Records for this exercise below:
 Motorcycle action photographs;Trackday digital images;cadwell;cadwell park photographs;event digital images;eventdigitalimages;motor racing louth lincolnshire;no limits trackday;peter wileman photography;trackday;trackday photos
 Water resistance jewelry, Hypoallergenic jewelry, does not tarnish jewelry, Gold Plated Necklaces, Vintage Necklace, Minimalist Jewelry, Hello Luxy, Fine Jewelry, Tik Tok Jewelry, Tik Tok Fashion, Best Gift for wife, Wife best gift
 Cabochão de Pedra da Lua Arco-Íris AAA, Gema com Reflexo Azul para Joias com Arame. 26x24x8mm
End of Records for this exercise.
Records for this exercise below:
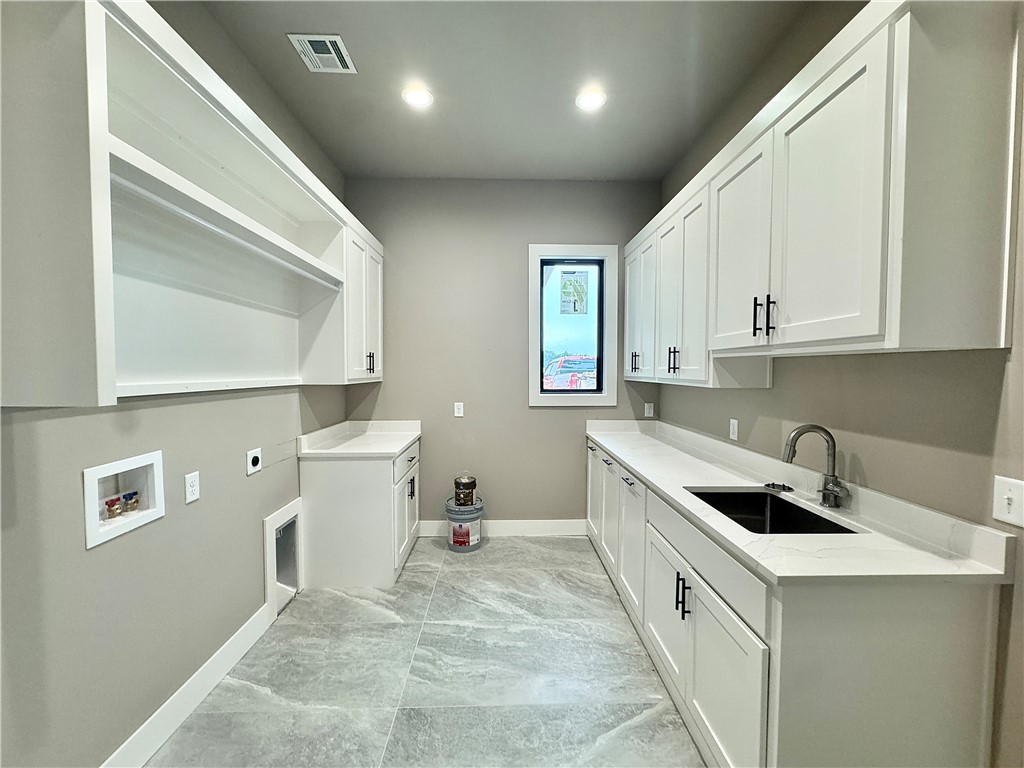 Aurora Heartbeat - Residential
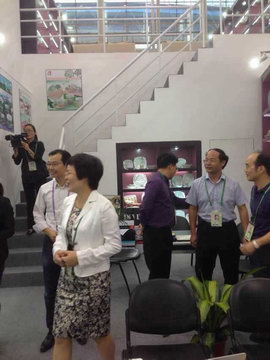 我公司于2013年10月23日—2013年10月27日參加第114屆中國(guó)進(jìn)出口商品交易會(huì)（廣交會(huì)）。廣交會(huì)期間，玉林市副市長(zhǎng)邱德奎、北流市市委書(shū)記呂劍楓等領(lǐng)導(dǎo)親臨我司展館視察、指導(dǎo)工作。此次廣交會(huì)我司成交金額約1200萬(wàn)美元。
End of Records for this exercise.
Task item = Looking back over the data above, restate word for word the lines that begin at the line with "Motorcycle action photographs;Trackday" and end at the line with "Cabochão de Pedra", inclusive.

Answer space =
 Motorcycle action photographs;Trackday digital images;cadwell;cadwell park photographs;event digital images;eventdigitalimages;motor racing louth lincolnshire;no limits trackday;peter wileman photography;trackday;trackday photos
 Water resistance jewelry, Hypoallergenic jewelry, does not tarnish jewelry, Gold Plated Necklaces, Vintage Necklace, Minimalist Jewelry, Hello Luxy, Fine Jewelry, Tik Tok Jewelry, Tik Tok Fashion, Best Gift for wife, Wife best gift
 Cabochão de Pedra da Lua Arco-Íris AAA, Gema com Reflexo Azul para Joias com Arame. 26x24x8mm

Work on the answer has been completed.